Note: If you just jumped to this chapter and haven’t read The Goal Is Business Agility: What’s in Your Way? earlier in the book, I advise that you read that now.

The concept of the Minimum Business Increment (MBI) is key to Agile software development because it provides us with a container for all of the items required to realize value for a business increment. Its focus on being “minimal” provides us with the smallest batches possible, a practice proven to be effective. This alone would make them worthwhile. But they have another value, they tie strategies to the intake process, facilitate the use of ATDD and assist in planning.  This chapter discusses both how and why this is so important.

Tying strategies to the intake process

Business stakeholders and product managers provide the development group what to work on. Very often this is with the development group as they may be the originators of what to work on. By using MBIs, the development group gets smaller batches than they would otherwise. This is one of the best ways to manage work in process – have smaller chunks of work come in. The content of the MBI, that is, all of the tasks required to realize value, also provides the development group insights on who they will have to work with to get the software out the door and realize value.

Using MBIs to feed ATDD

ATDD is our recommended way to decompose and refine requirements. MBIs are containers of all of the features and stories that will be developed. By peeling off vertical slices from the MBI using ATDD, the MBI can be used to see what’s left to decompose while ensuring all necessary components of it are defined. By decomposing MBIs into features and then stories, teams also avoid features and stories that are bigger than needed. Without the MBI, team often work on an entire feature even though only  part of it is needed for the first MBI.

Planning with MBIs

Big room planning in SAFe has people focus on getting features completed. However, features by themselves may not be releasable where they will provide value on their own. It is therefore possible to schedule features to be completed but not have something to release until the end of the program increment. It is better to schedule the completion of the MBIs, not the features. This manages work in process in a natural manner.

How using MBIs helps

Takes too long to get anything done
Putting smaller work items into your workflow speeds things up considerably.

Working on too many things

Smaller items get done faster meaning fewer will be being worked on.

No line of sight to strategies and OKRs

MBIs are a direct result of the business increments that have been generated from initiatives which gives line of sight from the MBI (and anything that derives from it) and the strategies which ultimately spawned them.

Don’t have Product Focused Teams

When an organization creates business increments and implements them with MBIs, they are being product focused. This helps them see that this is a behavior they want to maintain.

Ineffective budgetary process

Getting to a product focused organization makes improving the budgetary process much easier.

Chunks of work too big

MBIs by definition will get items into the intake process as small as they can be.

Poor intake process

One of the biggest challenges with an intake process is when items are larger than they need to be. Then people start going around the intake process.

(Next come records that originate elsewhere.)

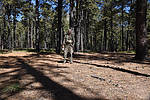 photo thumbnail #13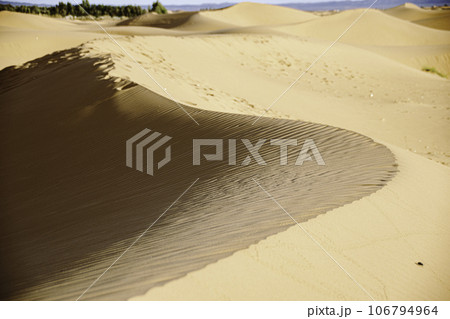サハラ砂漠の美しい砂丘 106794964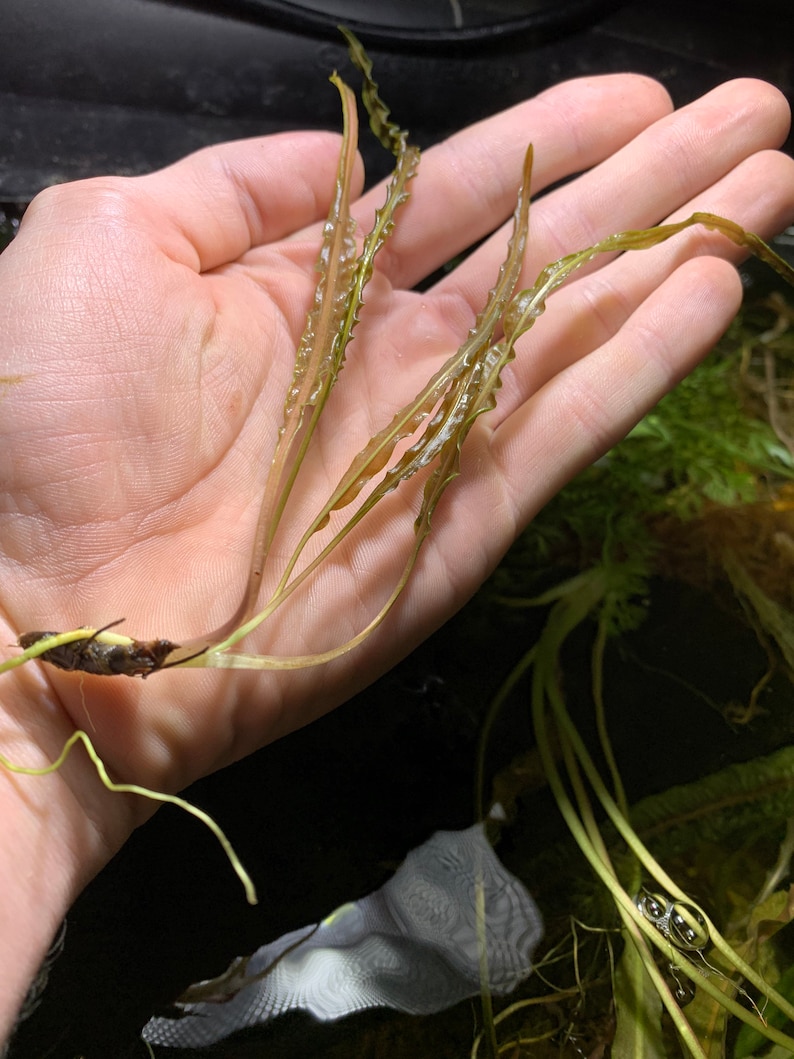 May include: A bunch of green and brown aquatic plants with feathery leaves. The plants are held in a hand.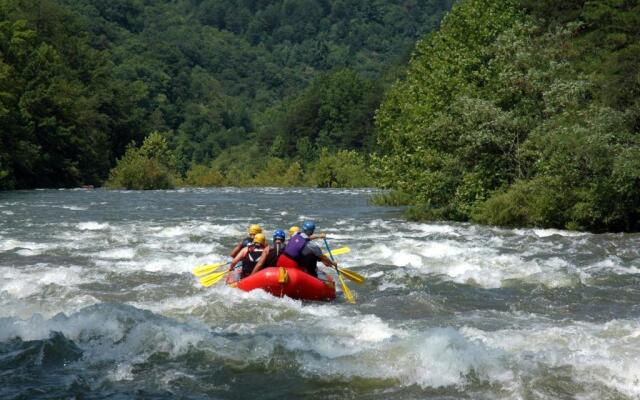 Cozy 2 Bedroom Apartment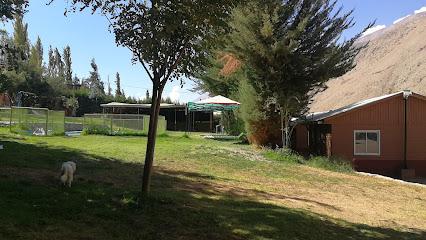 Camping Termas Socos - Foto 6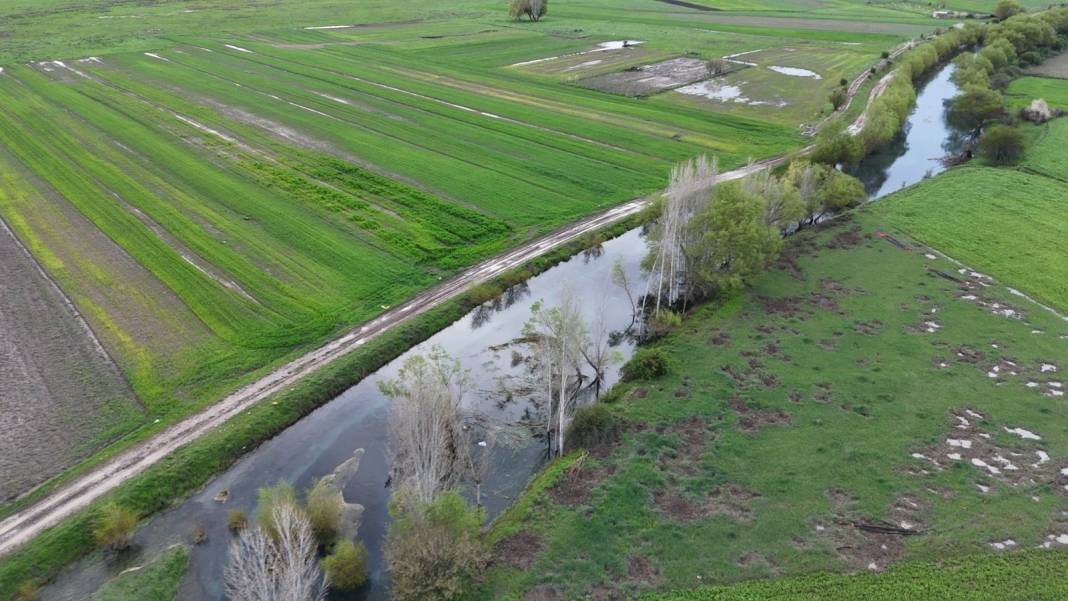 Konya'da masaldan çıkma, tablo gibi güzellik! Leylekler burada mola veriyor 6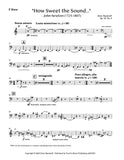 Banzhoff, Drew % How Sweet the Sound - BSN/HN/PN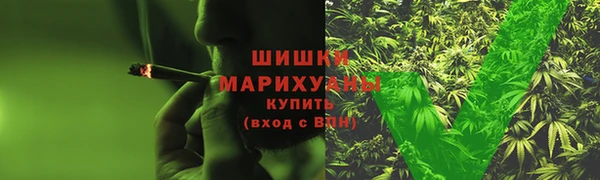 сатива Абинск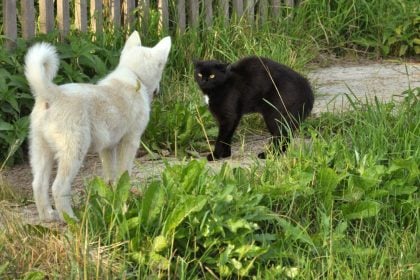 Με ποιον τρόπο θα μάθετε τον σκύλο σας να μη γαβγίζει και να μην κυνηγάει γάτες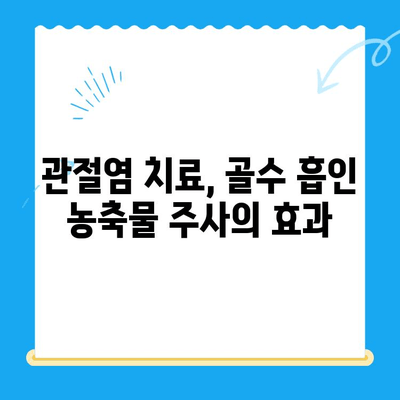 골수 흡인 농축물 관절강내 주사| 무릎 관절염 치료의 새로운 지평 | 무릎 통증 완화, 연골 재생, 골수 농축물, 관절염 치료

Work items not properly prioritized

It is hard to properly prioritize anything that is not an MBI. Epics contain value that does not need to be released prior to the rest of the epic being done. Prioritizing items that have both high and low priority items is challenging because the high priority part of one may be greater than the low priority of the other while being less than the high priority of the other.

Unclear requirements

Getting requirements on smaller, well-scoped items is much easier than on over-large items.

Lack of visibility of workflows

It is easier to see the workflows of items deriving from an MBI than items that come from many MBIs. An MBI focus makes seeing workflows easier.

Insufficient collaboration

MBIs improve collaboration across teams significantly. Team can now focus on true value delivered and not just their work items. Also, an MBI contains what’s needed for security, marketing and ops. The visibility of the MBI as a container of all of these items makes it easier for people to plan and work together.

Limited skills / experience

Using MBIs won’t help increase your people’s skill level, but it will enable you to manage it better.

Ops blindsided and pulled in many directions

While MBIs won’t solve ops from being pulled in different directions they help ops in two major ways. First, clearer sequencing of MBIs makes it easier for ops to see what has priority when decisions need to be made. Second, by attending tot he intake process, ops can readily see what’s coming their way since MBIs describe the work ops needs to do to release the MBI.

Integration errors

Integration errors are really teams getting out of sync and discovering this during integration. MBIs enable better collaboration and focus, enabling teams to discover when they are out of sync sooner.

Problems discovered late

Man problems that are discovered late could have been discovered sooner, but were just not attended to. By speculating on what it takes to get an MBI to value realization, many of these items can be seen ahead of time.

Marketing needs left out

What it takes to realize value, which of course includes marketing, is included in all MBIs and is therefore considered early on.